**Exercise instructions**
Every line from the one holding "Hardcover Turn Your" through the one holding "CAQH vs Availity: Where Enrollment Data Actually Lives 4" in the data below must be returned exactly, both ends included, with pictures left out and nothing else added.

**Extracted information**

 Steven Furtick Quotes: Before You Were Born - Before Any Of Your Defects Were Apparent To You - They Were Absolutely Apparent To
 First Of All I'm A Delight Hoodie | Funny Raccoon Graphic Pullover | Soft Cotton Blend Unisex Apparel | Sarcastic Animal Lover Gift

--

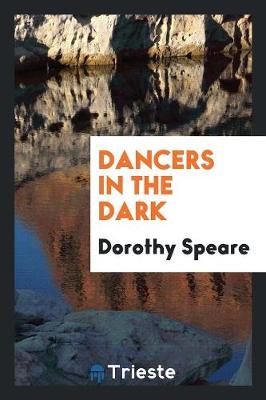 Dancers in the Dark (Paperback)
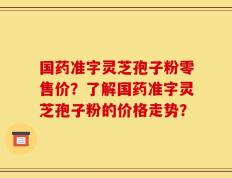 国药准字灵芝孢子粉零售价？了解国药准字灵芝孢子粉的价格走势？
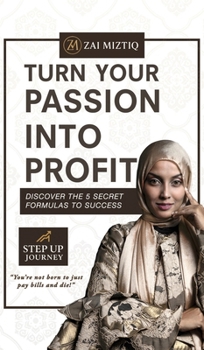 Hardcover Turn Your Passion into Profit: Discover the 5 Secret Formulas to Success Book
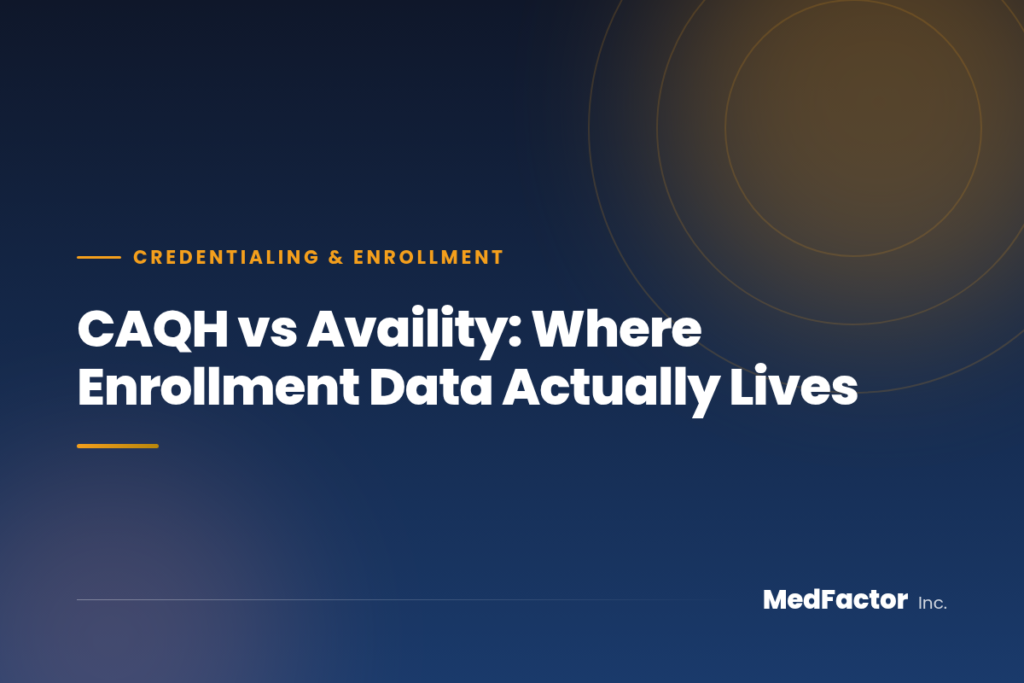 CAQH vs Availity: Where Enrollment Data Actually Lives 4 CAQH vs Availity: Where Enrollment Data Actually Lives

* * *

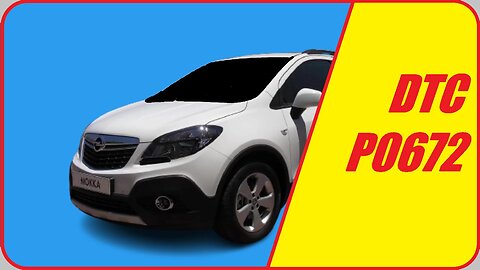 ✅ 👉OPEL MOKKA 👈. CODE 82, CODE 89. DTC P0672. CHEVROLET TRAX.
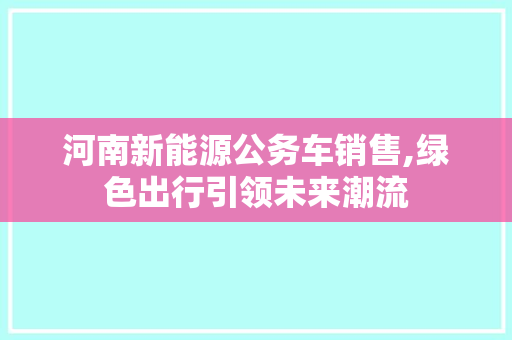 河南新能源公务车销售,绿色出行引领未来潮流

**Exercise output**
 Hardcover Turn Your Passion into Profit: Discover the 5 Secret Formulas to Success Book
 CAQH vs Availity: Where Enrollment Data Actually Lives 4 CAQH vs Availity: Where Enrollment Data Actually Lives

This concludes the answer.